Cache
Cache
This filter was introduced in MariaDB MaxScale 2.1.
Overview
The cache filter is a simple cache that is capable of caching the result of SELECTs, so that subsequent identical SELECTs are served directly by MaxScale, without the queries being routed to any server.
Note that the cache is still experimental and that non-backward compatible changes may be made.

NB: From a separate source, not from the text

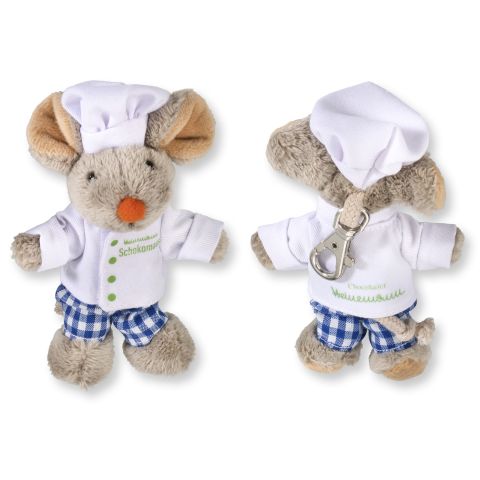 Heinemann Schoko-Maus-Anhänger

Note that installing the cache causes all statements to be parsed. The implication of that is that unless statements already need to be parsed, e.g. due to the presence of another filter or the chosen router, then adding the cache will not necessarily improve the performance, but may decrease it.
Limitations
All of these limitations may be addressed in forthcoming releases.
Invalidation
Currently there is no cache invalidation, apart from time-to-live.
Prepared Statements
Resultsets of prepared statements are not cached.
Transactions
The cache will be used and populated only if there is no on-going
transaction or if an on-going transaction is explicitly read-only (that is,
START TRANSACTION READ ONLY
).
Variables
The cache key is effectively the entire SELECT statement. However, the value of any variables used in the select is not considered. For instance, if a variable is used in the WHERE clause of the select, a subsequent identical select will return the wrong result, if the value of the variable has been changed in between.
MySQL [testdb]> create table tbl (a int, b int); MySQL [testdb]> insert into tbl values (1, 2), (3, 4); MySQL [testdb]> set @var=2; MySQL [testdb]> select a from tbl where b=@var; +------+ | a | +------+ | 1 | +------+ MySQL [testdb]> set @var=4; MySQL [testdb]> select a from tbl where b=@var; +------+ | a | +------+ | 1 | +------+
In the second case, the correct answer would have been 3
and not 1
.
Security
The cache is not aware of grants.
The implication is that unless the cache has been explicitly configured who the caching should apply to, the presence of the cache may provide a user with access to data he should not have access to.
Please read the section Security for more detailed information.
Configuration
The cache is simple to add to any existing service. However, some experimentation may be required in order to find the configuration settings that provide the maximum benefit.
[Cache] type=filter module=cache hard_ttl=30 soft_ttl=20 storage=... storage_options=... rules=... ... [Cached Routing Service] type=service ... filters=Cache
Each configured cache filter uses a storage of its own. That is, if there are two services, each configured with a specific cache filter, then, even if queries target the very same servers the cached data will not be shared.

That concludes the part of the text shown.